Information given:
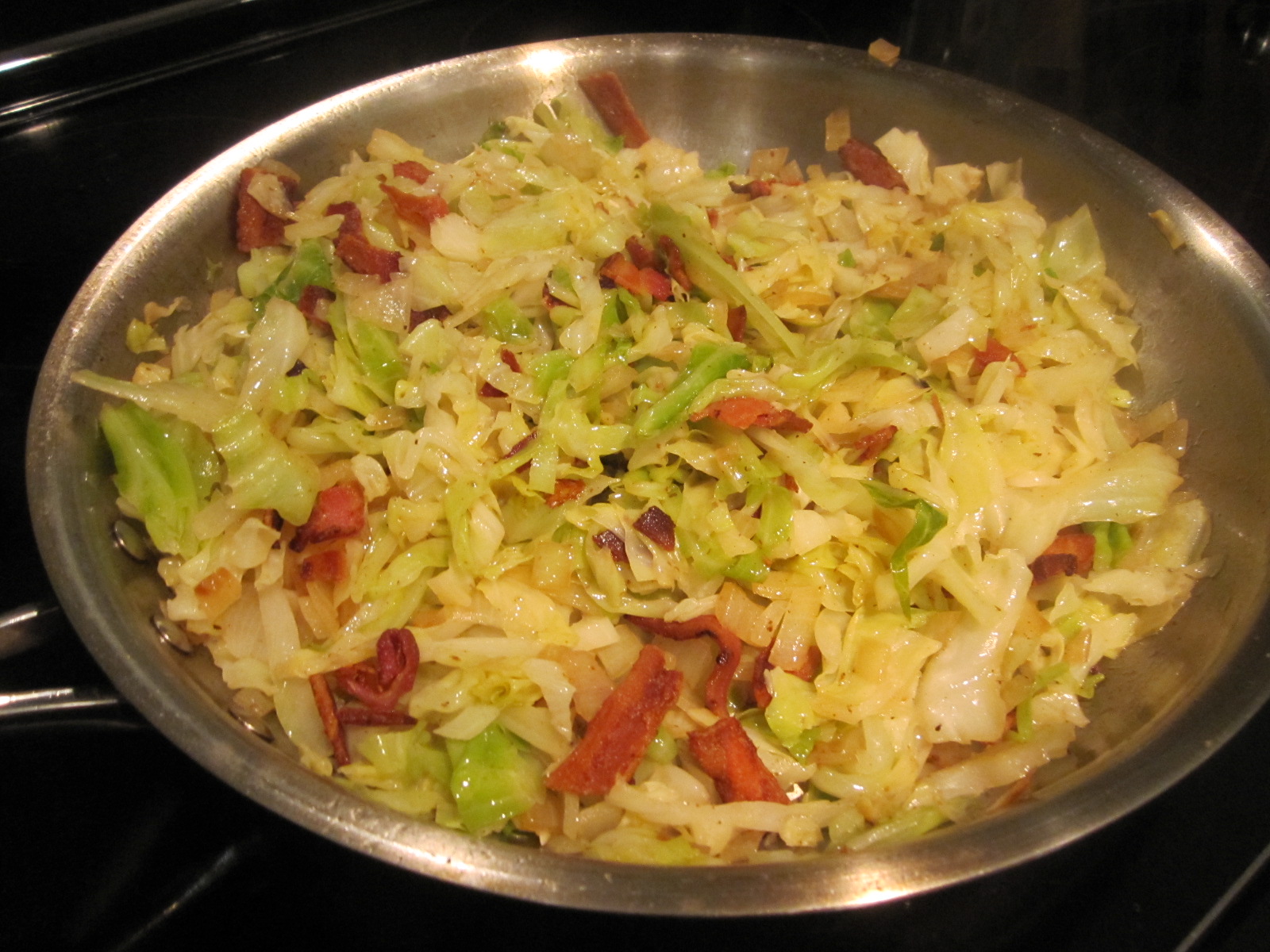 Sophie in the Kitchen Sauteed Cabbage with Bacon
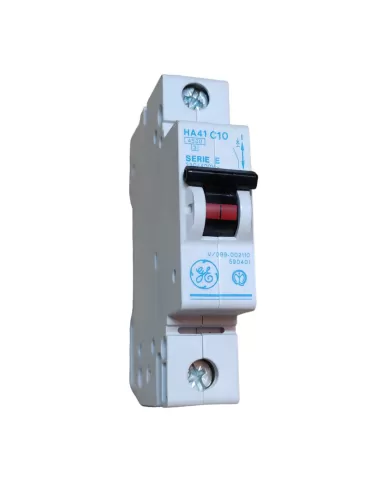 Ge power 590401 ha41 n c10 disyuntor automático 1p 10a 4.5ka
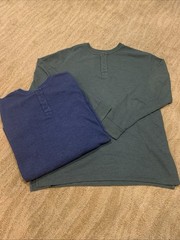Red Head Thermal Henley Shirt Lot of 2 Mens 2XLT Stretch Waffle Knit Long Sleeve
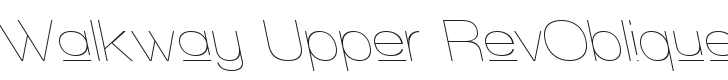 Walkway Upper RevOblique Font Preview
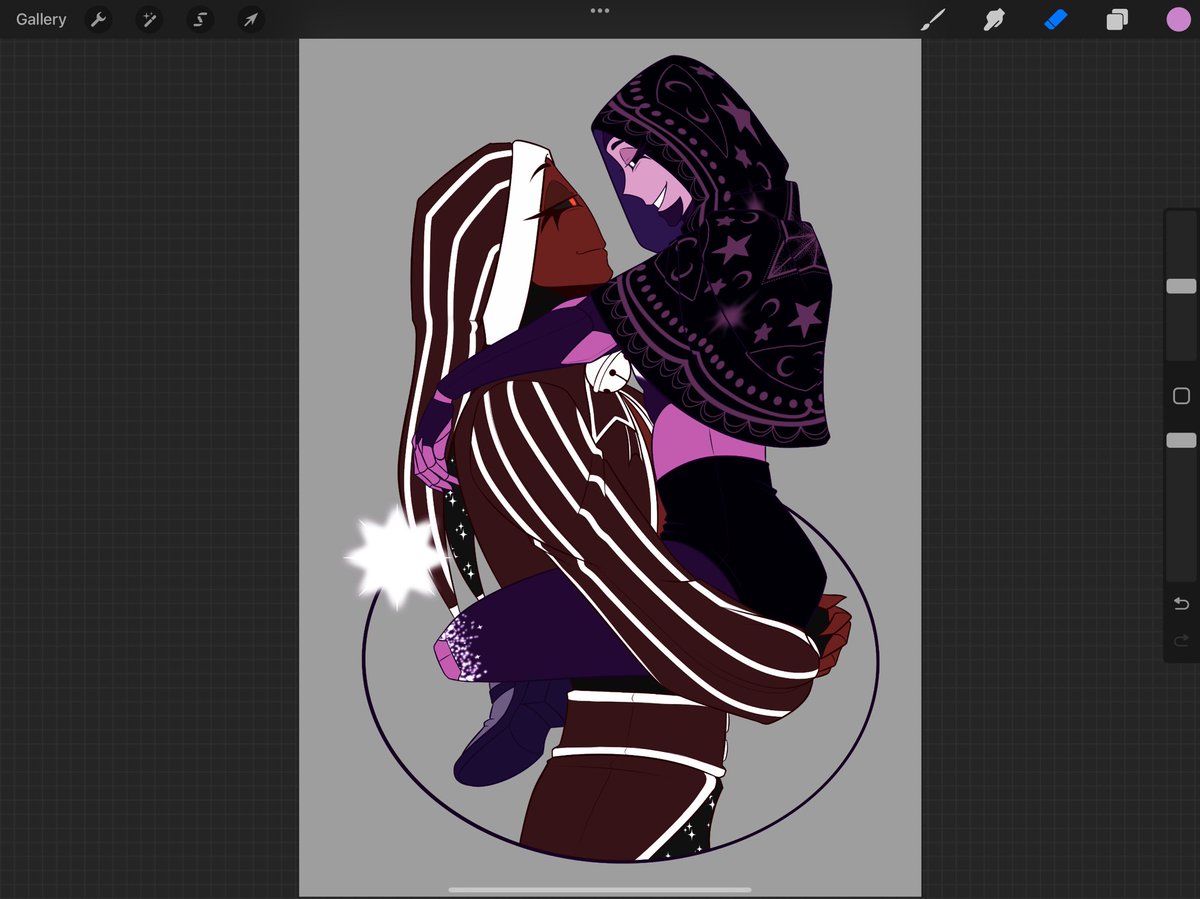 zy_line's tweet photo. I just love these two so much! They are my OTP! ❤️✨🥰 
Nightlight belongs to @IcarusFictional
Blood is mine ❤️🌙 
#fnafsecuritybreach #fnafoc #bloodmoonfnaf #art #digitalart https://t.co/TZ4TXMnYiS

Brief: Return every entry word for word, minus the pictures.

Solution to the problem:
 Sophie in the Kitchen Sauteed Cabbage with Bacon
 Ge power 590401 ha41 n c10 disyuntor automático 1p 10a 4.5ka
Red Head Thermal Henley Shirt Lot of 2 Mens 2XLT Stretch Waffle Knit Long Sleeve
 Walkway Upper RevOblique Font Preview
 zy_line's tweet photo. I just love these two so much! They are my OTP! ❤️✨🥰 
Nightlight belongs to @IcarusFictional
Blood is mine ❤️🌙 
#fnafsecuritybreach #fnafoc #bloodmoonfnaf #art #digitalart https://t.co/TZ4TXMnYiS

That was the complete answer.